A compressed data restoration method characterized by converting into a code and then restoring a character string based on the SOR code.

[Claim 3] In claim 1, the registration number of the input character string in the dictionary is incremented by 1 toward the smaller value, and
A data compression method that decrements the registration number of the character string that was incremented by one.

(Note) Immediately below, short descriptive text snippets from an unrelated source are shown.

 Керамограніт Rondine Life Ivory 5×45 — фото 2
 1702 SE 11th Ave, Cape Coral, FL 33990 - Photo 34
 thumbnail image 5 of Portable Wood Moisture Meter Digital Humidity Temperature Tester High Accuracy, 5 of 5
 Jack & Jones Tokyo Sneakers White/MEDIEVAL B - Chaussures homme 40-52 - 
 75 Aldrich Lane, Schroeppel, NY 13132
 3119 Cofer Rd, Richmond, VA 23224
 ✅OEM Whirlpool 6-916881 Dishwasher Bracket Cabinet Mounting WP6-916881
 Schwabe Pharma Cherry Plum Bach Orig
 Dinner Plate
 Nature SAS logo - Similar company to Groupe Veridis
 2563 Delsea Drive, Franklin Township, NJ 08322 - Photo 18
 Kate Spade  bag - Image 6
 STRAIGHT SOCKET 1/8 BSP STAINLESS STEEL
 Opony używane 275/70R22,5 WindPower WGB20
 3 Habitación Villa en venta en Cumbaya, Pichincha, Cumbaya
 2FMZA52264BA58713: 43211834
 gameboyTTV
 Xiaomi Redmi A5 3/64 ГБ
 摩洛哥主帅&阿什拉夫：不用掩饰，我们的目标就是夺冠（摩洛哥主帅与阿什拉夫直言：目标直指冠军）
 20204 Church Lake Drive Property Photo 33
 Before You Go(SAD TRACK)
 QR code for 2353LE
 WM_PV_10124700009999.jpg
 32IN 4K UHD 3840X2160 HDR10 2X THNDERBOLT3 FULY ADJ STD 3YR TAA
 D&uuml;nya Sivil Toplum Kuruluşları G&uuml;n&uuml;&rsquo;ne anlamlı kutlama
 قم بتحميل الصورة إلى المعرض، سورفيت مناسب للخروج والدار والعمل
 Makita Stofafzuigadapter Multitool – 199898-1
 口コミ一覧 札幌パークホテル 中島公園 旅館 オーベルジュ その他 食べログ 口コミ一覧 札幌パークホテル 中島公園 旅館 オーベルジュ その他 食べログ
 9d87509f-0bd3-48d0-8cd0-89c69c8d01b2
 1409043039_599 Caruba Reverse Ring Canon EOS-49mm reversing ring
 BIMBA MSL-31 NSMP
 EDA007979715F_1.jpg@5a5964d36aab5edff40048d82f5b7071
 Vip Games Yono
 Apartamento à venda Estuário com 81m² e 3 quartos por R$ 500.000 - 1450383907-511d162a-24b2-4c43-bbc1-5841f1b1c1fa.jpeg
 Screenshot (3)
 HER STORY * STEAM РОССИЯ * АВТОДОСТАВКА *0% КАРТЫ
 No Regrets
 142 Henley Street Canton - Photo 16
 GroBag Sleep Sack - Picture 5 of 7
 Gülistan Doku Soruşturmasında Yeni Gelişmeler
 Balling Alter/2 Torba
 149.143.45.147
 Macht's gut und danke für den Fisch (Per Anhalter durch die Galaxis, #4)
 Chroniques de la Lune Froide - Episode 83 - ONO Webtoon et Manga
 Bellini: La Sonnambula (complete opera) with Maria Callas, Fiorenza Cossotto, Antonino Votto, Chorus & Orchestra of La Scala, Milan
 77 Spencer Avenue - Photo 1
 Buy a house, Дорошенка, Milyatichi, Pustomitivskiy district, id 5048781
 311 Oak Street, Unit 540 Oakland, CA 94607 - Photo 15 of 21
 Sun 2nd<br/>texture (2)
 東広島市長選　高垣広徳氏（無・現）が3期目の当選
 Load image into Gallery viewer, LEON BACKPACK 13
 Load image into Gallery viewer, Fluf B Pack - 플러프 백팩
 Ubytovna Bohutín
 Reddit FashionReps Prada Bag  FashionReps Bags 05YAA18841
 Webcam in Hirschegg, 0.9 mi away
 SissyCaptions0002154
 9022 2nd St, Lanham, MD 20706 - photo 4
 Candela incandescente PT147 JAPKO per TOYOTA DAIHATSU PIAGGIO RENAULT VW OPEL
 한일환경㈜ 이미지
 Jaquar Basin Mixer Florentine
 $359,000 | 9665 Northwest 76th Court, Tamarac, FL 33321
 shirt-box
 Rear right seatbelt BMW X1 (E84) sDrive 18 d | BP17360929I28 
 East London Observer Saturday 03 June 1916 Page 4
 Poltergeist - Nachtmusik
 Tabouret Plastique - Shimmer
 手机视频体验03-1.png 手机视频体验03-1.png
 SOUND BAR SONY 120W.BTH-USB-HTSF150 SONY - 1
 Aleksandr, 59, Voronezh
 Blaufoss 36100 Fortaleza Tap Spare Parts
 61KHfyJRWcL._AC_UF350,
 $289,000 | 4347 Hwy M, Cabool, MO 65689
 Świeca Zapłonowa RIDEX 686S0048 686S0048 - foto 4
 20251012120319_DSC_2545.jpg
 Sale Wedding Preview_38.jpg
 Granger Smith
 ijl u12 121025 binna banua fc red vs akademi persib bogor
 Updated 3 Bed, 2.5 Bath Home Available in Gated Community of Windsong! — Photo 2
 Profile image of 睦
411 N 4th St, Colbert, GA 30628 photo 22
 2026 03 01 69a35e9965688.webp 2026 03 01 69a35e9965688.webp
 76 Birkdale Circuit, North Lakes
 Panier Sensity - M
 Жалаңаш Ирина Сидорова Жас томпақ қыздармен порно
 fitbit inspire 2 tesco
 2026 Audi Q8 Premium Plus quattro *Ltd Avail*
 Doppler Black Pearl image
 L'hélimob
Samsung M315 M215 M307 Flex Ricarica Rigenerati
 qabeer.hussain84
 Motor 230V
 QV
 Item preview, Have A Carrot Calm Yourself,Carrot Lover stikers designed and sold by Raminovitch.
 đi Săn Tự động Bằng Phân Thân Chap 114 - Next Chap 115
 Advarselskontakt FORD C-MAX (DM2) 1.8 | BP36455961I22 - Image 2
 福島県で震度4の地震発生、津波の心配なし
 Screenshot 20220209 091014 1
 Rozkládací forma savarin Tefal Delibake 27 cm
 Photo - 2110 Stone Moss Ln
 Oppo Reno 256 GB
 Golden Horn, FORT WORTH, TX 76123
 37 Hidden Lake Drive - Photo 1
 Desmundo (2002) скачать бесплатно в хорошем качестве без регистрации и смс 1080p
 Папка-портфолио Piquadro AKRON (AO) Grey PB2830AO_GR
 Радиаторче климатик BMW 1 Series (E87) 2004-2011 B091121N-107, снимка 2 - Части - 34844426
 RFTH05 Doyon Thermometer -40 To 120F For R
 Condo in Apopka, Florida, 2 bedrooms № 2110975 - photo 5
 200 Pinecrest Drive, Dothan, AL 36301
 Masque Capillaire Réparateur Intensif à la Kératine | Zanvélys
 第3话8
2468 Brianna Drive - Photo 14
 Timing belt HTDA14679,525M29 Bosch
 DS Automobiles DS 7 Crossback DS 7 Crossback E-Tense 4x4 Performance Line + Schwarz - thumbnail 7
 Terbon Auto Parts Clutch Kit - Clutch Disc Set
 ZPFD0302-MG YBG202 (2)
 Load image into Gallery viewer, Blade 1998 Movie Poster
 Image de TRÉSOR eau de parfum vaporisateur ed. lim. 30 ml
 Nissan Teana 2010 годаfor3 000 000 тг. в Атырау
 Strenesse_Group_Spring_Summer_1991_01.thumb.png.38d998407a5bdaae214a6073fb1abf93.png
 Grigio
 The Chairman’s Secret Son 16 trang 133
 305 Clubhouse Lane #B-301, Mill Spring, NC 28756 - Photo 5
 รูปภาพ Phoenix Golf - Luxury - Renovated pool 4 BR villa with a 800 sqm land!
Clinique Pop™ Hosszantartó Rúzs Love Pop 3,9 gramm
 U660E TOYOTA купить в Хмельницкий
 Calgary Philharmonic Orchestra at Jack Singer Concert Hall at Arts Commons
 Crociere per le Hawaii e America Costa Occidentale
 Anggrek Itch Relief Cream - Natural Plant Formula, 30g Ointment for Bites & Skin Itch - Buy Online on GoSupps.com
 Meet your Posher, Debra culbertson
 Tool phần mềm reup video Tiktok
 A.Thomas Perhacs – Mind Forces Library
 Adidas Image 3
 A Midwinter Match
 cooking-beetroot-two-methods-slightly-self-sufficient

[Claim 4] In claim 1, the registration position of the input character string in the dictionary is moved to the beginning of the dictionary, and the character string registered from the beginning of the dictionary to before the registration position where the character string was registered is A data compression method characterized by decrementing each registration number by 1.